====== Source records

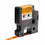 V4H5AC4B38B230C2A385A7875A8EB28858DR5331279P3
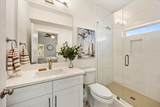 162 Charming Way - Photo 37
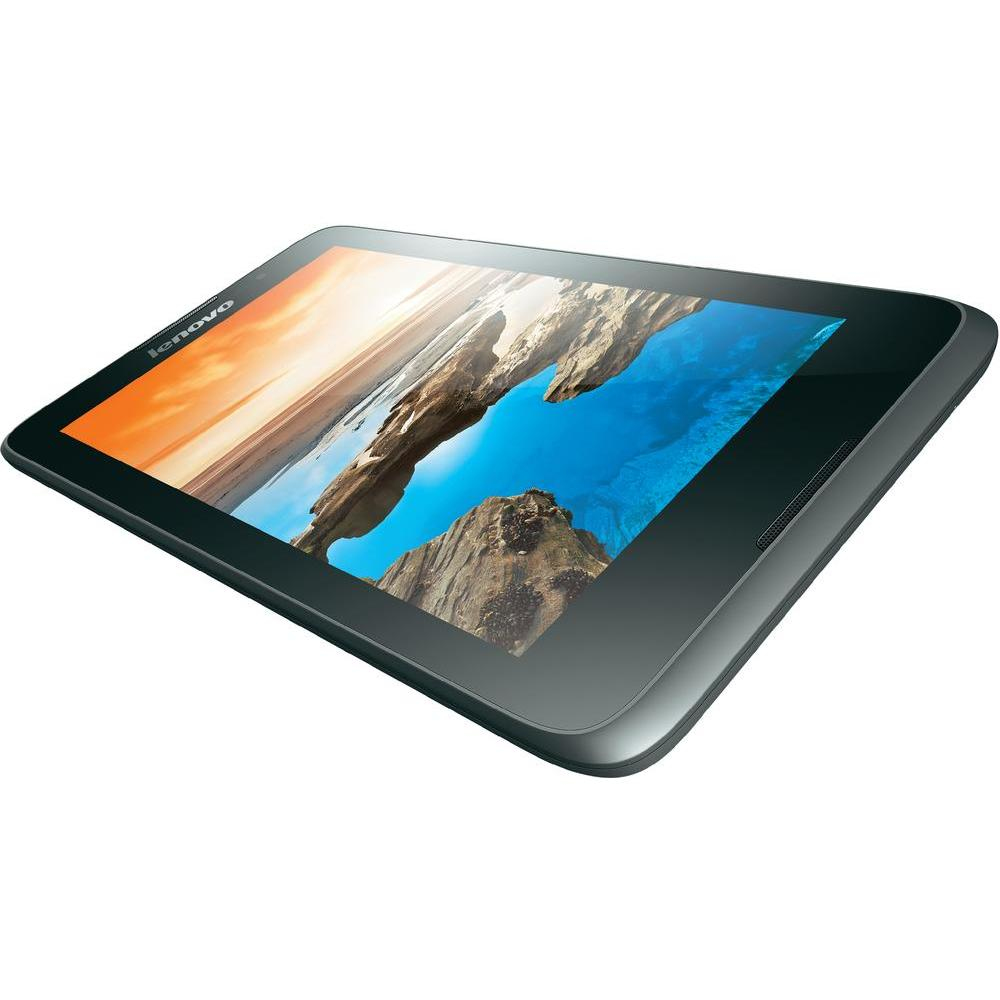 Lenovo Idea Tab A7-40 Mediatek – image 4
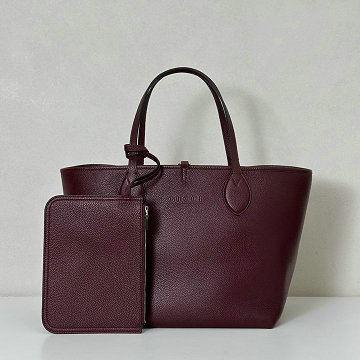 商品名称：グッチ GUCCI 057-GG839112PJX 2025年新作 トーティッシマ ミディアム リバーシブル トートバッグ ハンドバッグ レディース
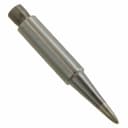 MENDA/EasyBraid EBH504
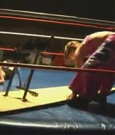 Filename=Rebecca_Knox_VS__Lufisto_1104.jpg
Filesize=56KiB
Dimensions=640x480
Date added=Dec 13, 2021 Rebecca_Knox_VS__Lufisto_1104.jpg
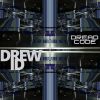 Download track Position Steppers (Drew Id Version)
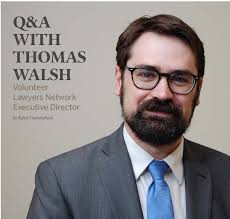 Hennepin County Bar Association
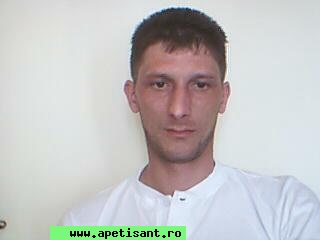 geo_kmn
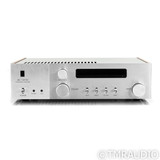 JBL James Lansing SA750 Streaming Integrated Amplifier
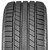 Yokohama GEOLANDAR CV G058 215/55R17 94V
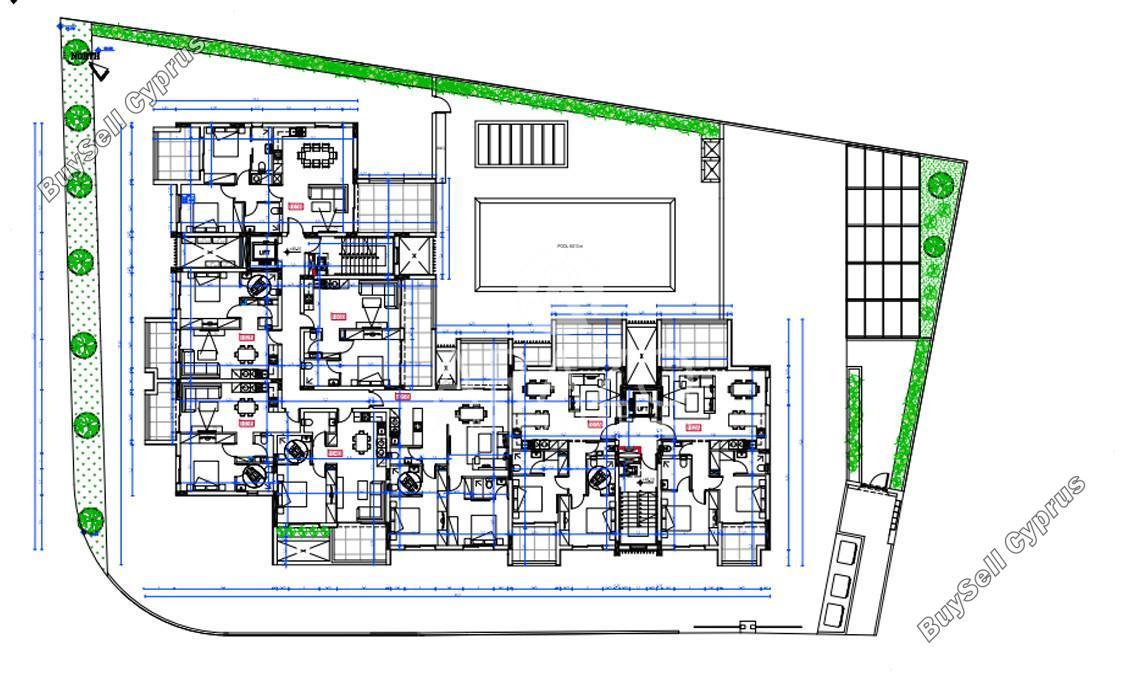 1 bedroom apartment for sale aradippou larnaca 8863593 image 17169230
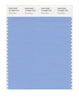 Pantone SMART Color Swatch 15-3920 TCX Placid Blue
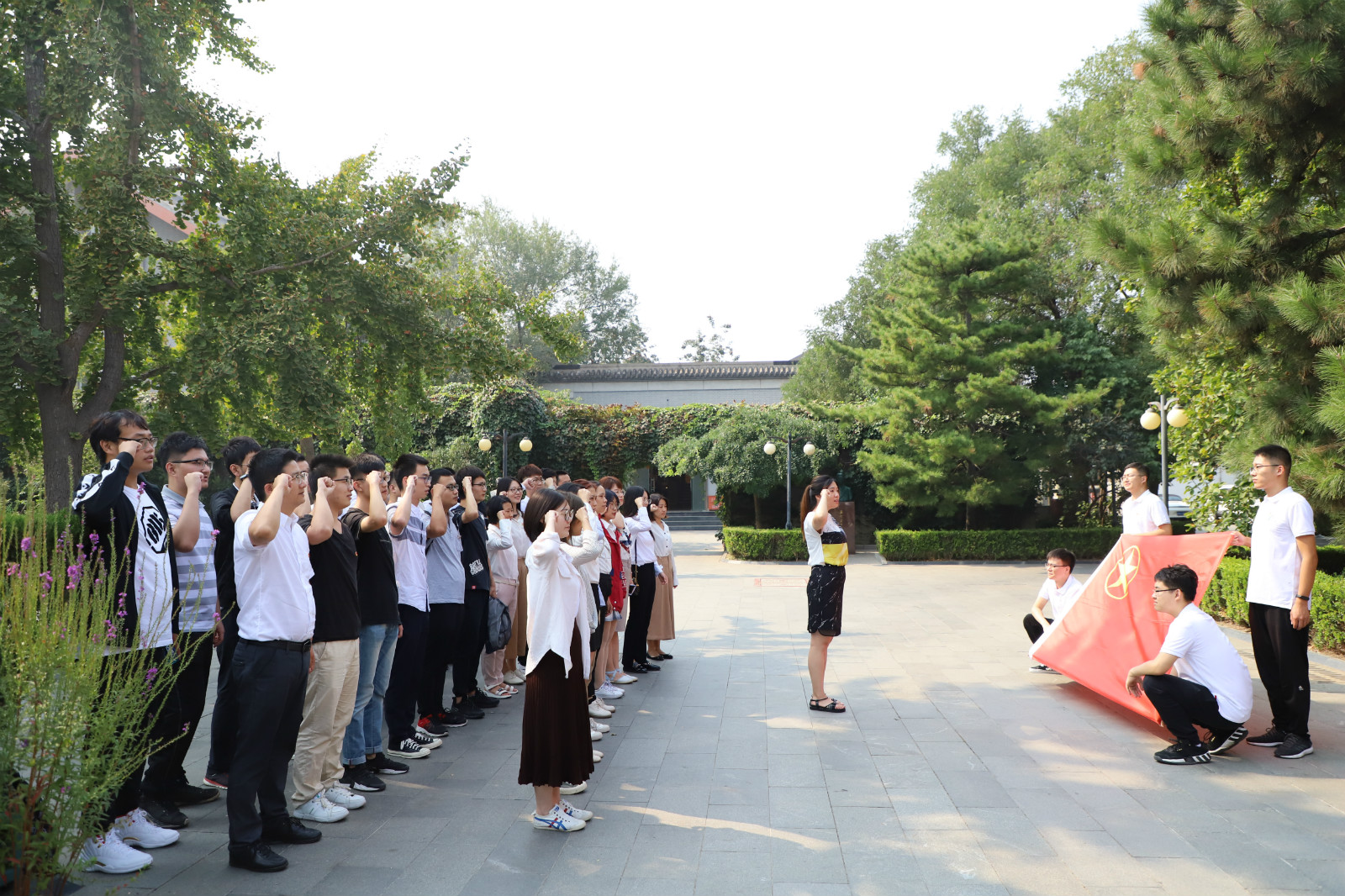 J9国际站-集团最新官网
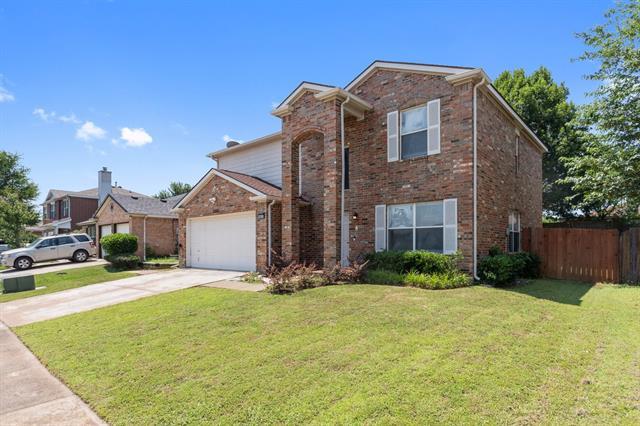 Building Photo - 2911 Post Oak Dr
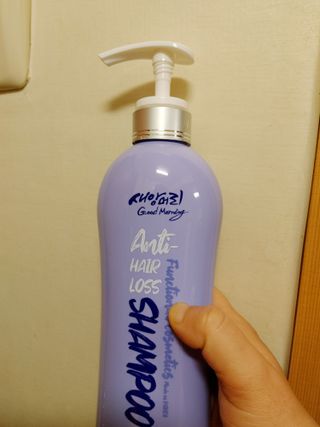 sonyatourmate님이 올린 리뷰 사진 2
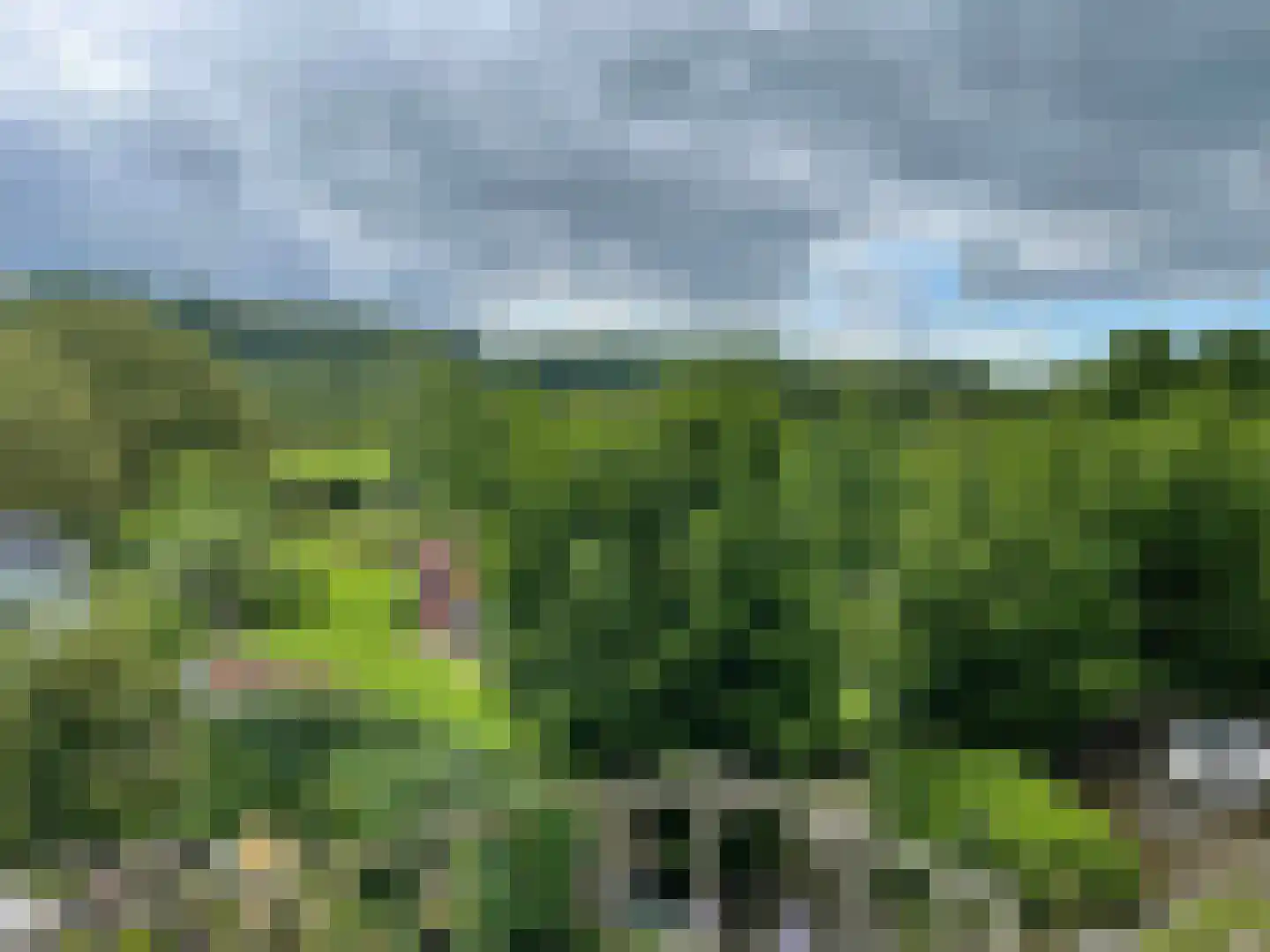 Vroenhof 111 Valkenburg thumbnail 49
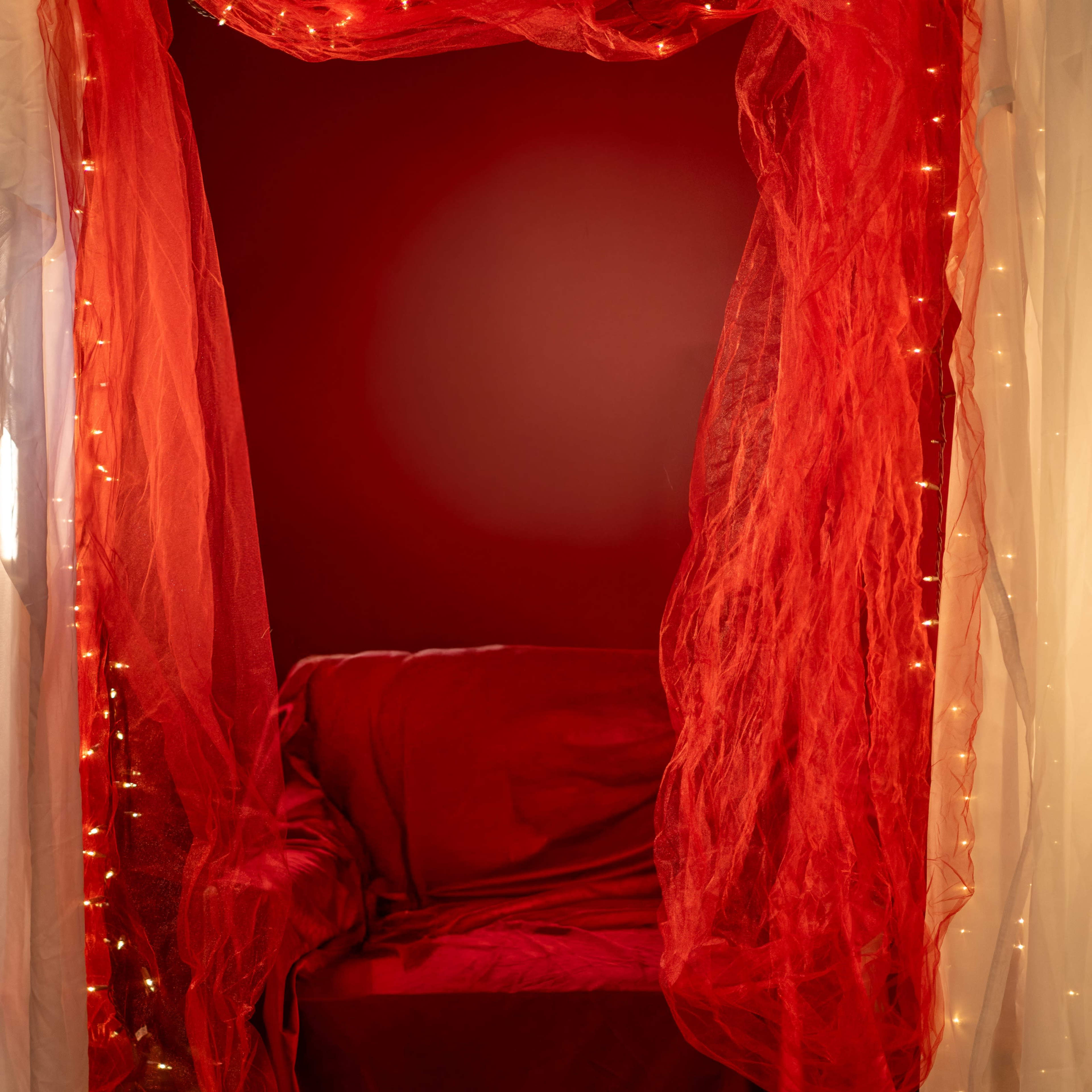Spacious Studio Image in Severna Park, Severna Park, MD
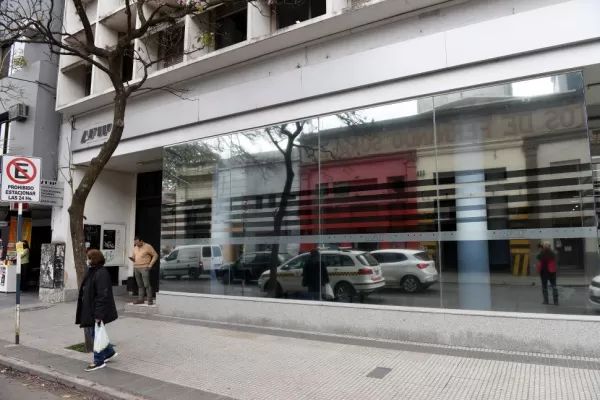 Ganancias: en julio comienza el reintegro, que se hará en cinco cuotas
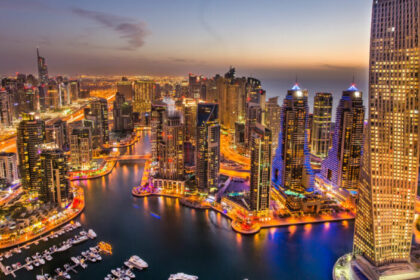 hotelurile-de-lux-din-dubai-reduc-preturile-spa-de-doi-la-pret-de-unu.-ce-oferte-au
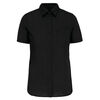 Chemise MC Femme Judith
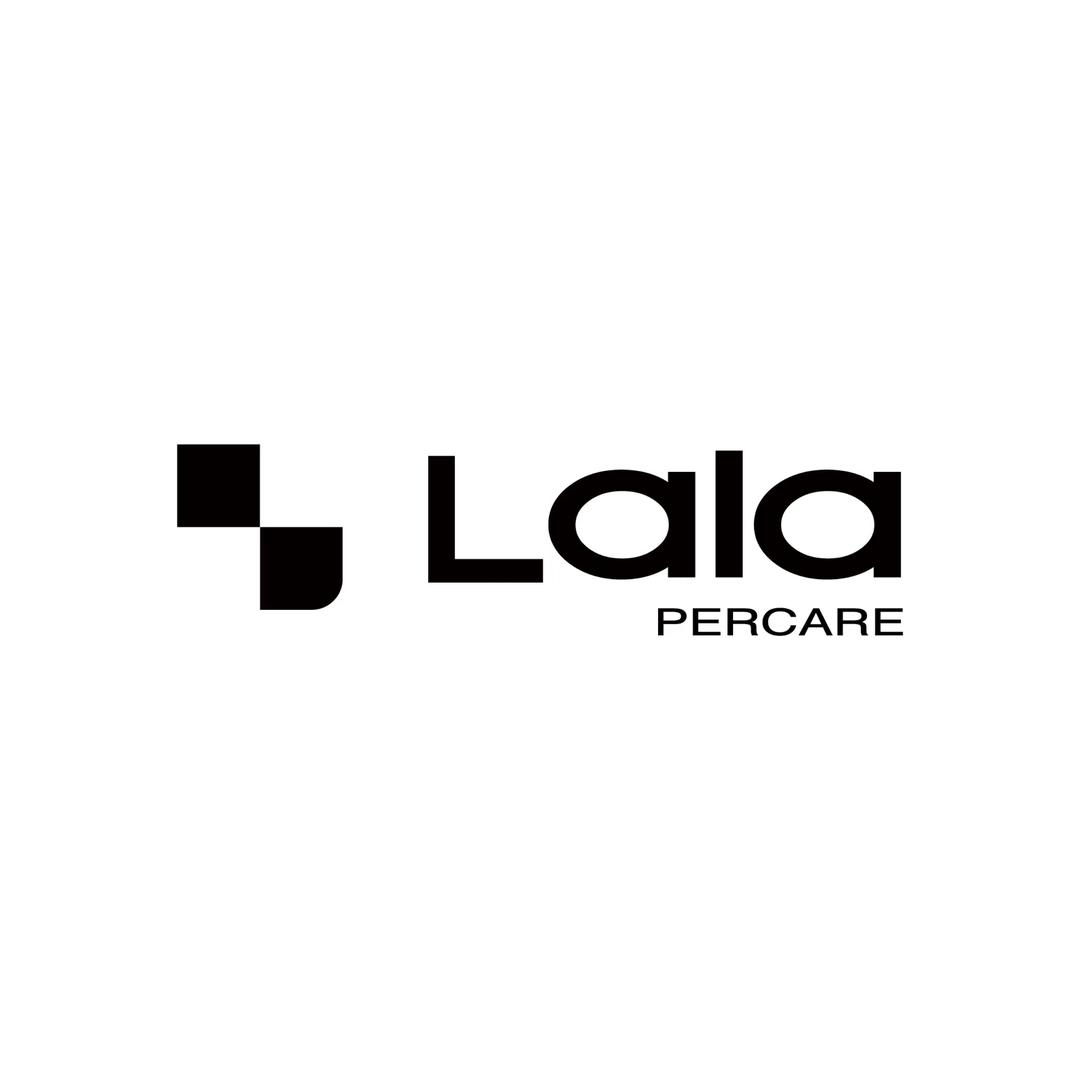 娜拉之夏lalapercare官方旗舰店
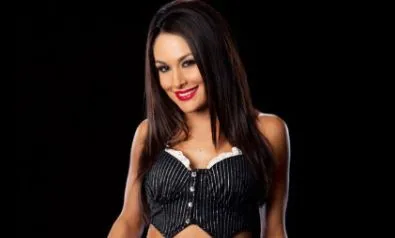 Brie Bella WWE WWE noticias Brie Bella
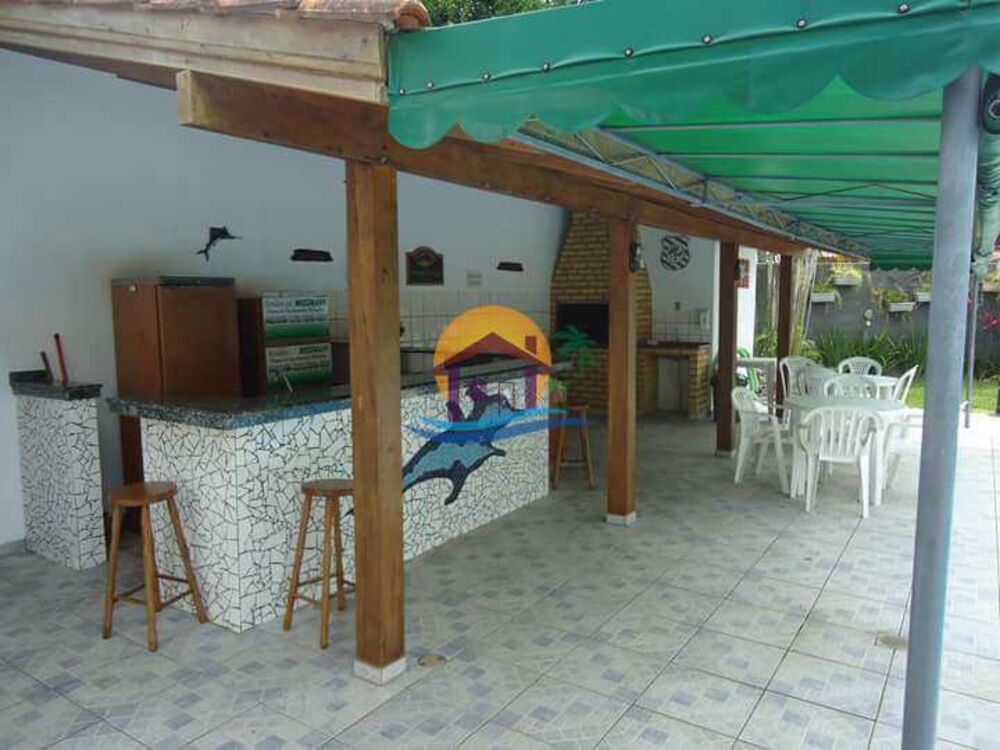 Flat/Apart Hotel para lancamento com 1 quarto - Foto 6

============

An exact copy of each entry is required, minus the pictures.

Answer section.
 V4H5AC4B38B230C2A385A7875A8EB28858DR5331279P3
 162 Charming Way - Photo 37
 Lenovo Idea Tab A7-40 Mediatek – image 4
 商品名称：グッチ GUCCI 057-GG839112PJX 2025年新作 トーティッシマ ミディアム リバーシブル トートバッグ ハンドバッグ レディース
 MENDA/EasyBraid EBH504
 Filename=Rebecca_Knox_VS__Lufisto_1104.jpg
Filesize=56KiB
Dimensions=640x480
Date added=Dec 13, 2021 Rebecca_Knox_VS__Lufisto_1104.jpg
 Download track Position Steppers (Drew Id Version)
 Hennepin County Bar Association
 geo_kmn
 JBL James Lansing SA750 Streaming Integrated Amplifier
 Yokohama GEOLANDAR CV G058 215/55R17 94V
 1 bedroom apartment for sale aradippou larnaca 8863593 image 17169230
 Pantone SMART Color Swatch 15-3920 TCX Placid Blue
 J9国际站-集团最新官网
 Building Photo - 2911 Post Oak Dr
 sonyatourmate님이 올린 리뷰 사진 2
 Vroenhof 111 Valkenburg thumbnail 49
Spacious Studio Image in Severna Park, Severna Park, MD
 Ganancias: en julio comienza el reintegro, que se hará en cinco cuotas
 hotelurile-de-lux-din-dubai-reduc-preturile-spa-de-doi-la-pret-de-unu.-ce-oferte-au
 Chemise MC Femme Judith
 娜拉之夏lalapercare官方旗舰店
 Brie Bella WWE WWE noticias Brie Bella
 Flat/Apart Hotel para lancamento com 1 quarto - Foto 6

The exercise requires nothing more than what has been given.